→ **RECORDS PROVIDED**:
◇ ◇ ◇ ◇ ◇
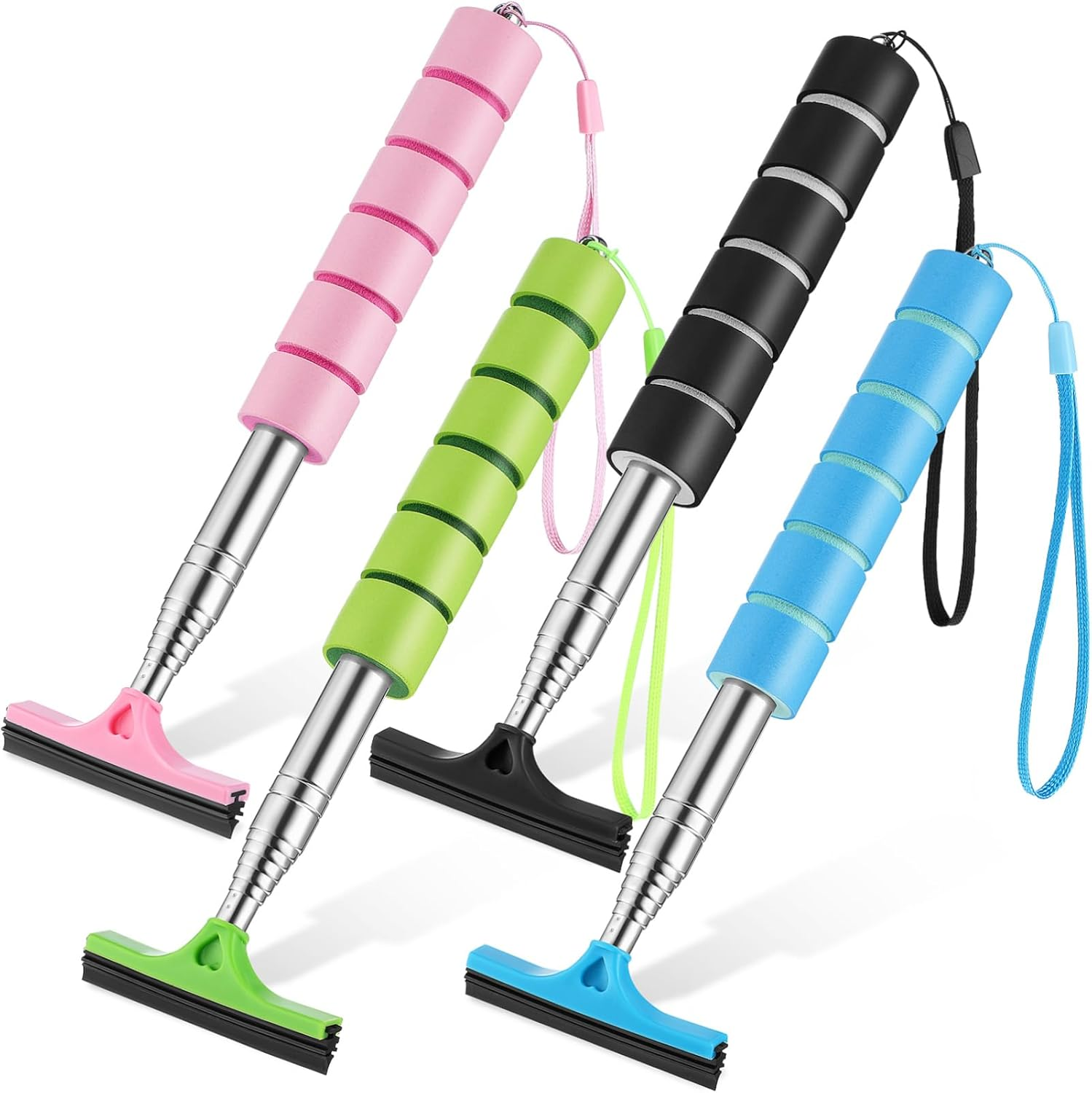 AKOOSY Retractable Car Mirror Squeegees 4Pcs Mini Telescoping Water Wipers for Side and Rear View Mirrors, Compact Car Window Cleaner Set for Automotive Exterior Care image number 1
◇ ◇ ◇ ◇ ◇
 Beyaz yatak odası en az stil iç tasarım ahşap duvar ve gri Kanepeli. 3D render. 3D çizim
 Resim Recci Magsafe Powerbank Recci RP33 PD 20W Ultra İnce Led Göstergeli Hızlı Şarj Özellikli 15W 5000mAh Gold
◇ ◇ ◇ ◇ ◇
→ **TASK REQUIREMENTS**:
In the listing above, find the line with "Beyaz yatak odası" and the line with "Resim Recci Magsafe", then print exactly those lines and every line between them.

→ **SOLUTION**:
 Beyaz yatak odası en az stil iç tasarım ahşap duvar ve gri Kanepeli. 3D render. 3D çizim
 Resim Recci Magsafe Powerbank Recci RP33 PD 20W Ultra İnce Led Göstergeli Hızlı Şarj Özellikli 15W 5000mAh Gold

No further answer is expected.